I read The Fellowship of the Ring this past summer, but then didn’t post a review because I went to camp and did not have time to read The Two Towers. Last week, however, I went to see The Hobbit with a group of friends at midnight, and thought it was a-mazing! Anyone who has not gone to see it yet should definitely plan to do so. I am a fan of Martin Freedman as Waston on BBC’s Sherlock, and I thought he did an excellent job playing Bilbo. It is a very long movie, and The Hobbit is being released in three parts, but I did not find the pacing to be slow or drawn out. The cinematography and scenery are beautiful (as they are with the other movies) and they used much of the same soundtrack from the original trilogy, which I feel like was a must.

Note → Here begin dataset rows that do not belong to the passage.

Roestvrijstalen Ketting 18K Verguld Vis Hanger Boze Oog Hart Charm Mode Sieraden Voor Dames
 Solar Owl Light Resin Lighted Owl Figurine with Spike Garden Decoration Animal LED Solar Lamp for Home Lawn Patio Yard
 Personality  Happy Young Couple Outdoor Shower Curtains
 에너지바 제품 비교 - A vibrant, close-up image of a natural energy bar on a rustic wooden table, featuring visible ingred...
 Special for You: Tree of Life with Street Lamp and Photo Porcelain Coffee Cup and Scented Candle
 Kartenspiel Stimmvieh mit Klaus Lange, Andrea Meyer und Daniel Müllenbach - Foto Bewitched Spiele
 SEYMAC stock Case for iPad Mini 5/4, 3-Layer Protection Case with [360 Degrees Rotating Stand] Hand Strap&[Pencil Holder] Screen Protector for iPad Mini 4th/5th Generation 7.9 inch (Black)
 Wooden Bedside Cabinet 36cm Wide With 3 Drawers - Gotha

Anyway, after being transported fully to Middle Earth during The Hobbit, I decided that now was as good a time as ever to continue my journey and delve into The Two Towers. I will most likely finish it within the next couple of days and am looking forward to getting The Return of the King for Christmas. There are many many things that impress me about this series. First of all, Tolkien has written one hugely long epic of a story that spans the course of 3+ books. Keeping the story going for that length of time, and keeping the interest of his readers is an impressive feat on Tolkien’s part.  What’s more is that he has created a full and extensive history of Middle Earth, along with details about each race of dwarf, elf, hobbit, and human, and created the entire language of elvish, along with many other partial languages to include in the story. Can we just think about that for a second? It fits in with Tolkien’s interests as a Philologist and Anglo-Saxon scholar, but he created a language. Wow. He also proves himself as a writer and a poet through the fine use of language and the poems, songs, and ditties he creates for his characters to sing or recite, which adds another level of history and tradition to his creation. I enjoyed the humor Tolkien puts into his writing as well. I suppose that was not something that I was expecting when I started The Fellowship, but is very witty and cleverly done. It is hard to portray humor in writing, but I would say Tolkien does just that without overdoing it, so that it adds to the atmosphere and character of Middle Earth.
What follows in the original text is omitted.